Abstract

The strengthening carbon mitigation efforts to meet the 1.5 °C target requires the development of zero/negative CO2 emission technologies to eliminate large direct CO2 emissions from fossil-fuel fired power stations. Amine scrubbing is a dominant technology to capture CO2 from fossil-fuel power stations, but its application in achieving zero/negative emission in power stations is rarely reported. The present study investigates the MEA-based technologies to achieve zero and negative CO2 emission in coal-fired power stations, and their techno-economic performance was evaluated in detail.
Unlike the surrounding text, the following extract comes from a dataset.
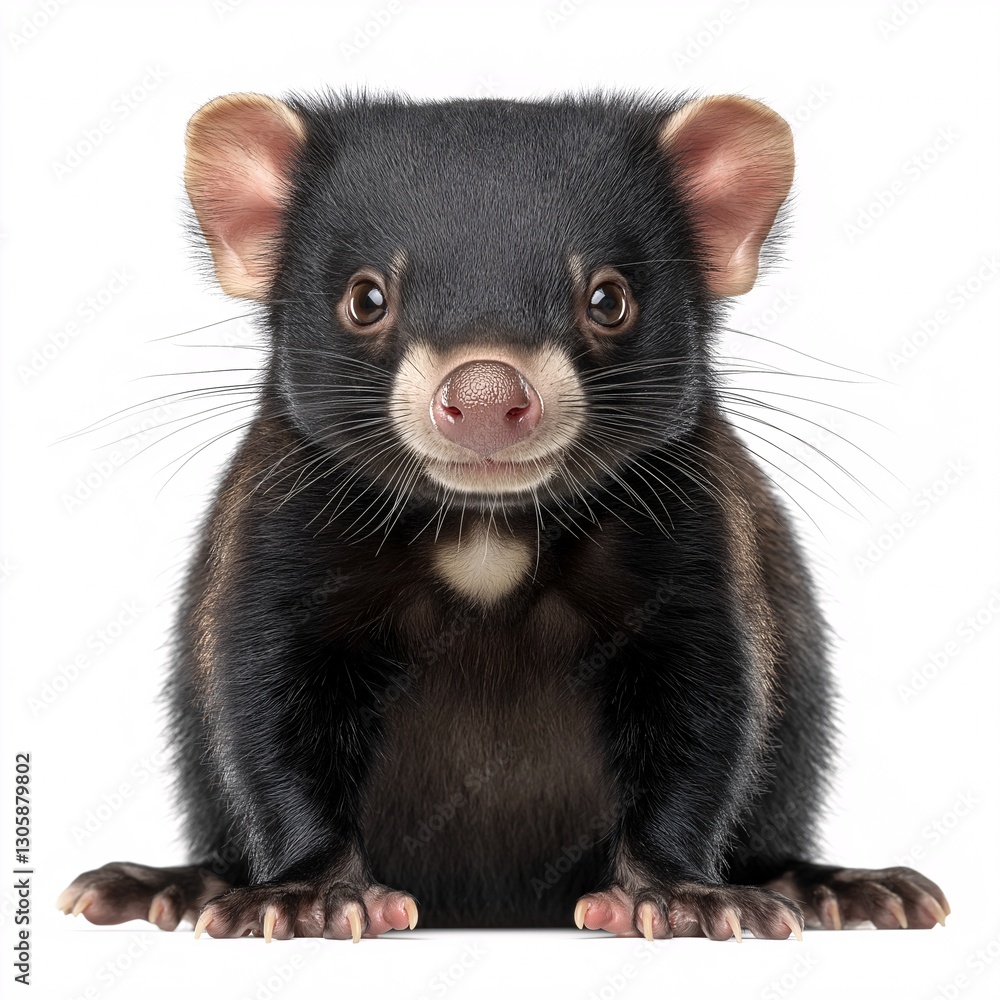 Fototapeta premium Tasmanian Devil Portrait: Cute Marsupial in Nature - Wildlife Conservation & Endangered Species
These zero/negative-emission technologies include 99.7% CO2 capture from flue gas (zero emission), biomass cocombustion with coal integrated with CO2 capture at ratios of 10% biomass/90% CO2 capture and 5% biomass/95% CO2 capture (zero-emission), and 10% biomass/95% CO2 capture for negative-emission power station. Our investigation revealed that these zero/negative-emission technologies are technically and economically viable, and their CO2 avoided costs did not significantly increase compared to the standard 90% CO2 capture. The CO2 avoided cost for 99.7%-capture is estimated at $66.5/tonne CO2, which is $2.6/tonne CO2 higher than that of 90%-capture. The biomass cocombustion zero/negative-emission technologies show better economic performance with CO2 avoided cost of $64.1-64.8/tonne CO2, which is only $0.2-0.7/tonne CO2 higher than the standard 90%-capture. These results indicate that the amine-based CO2 capture integrated with biomass cocombustion technology would be economically competitive to achieve zero or even negative CO2 emissions in coal-fired power stations.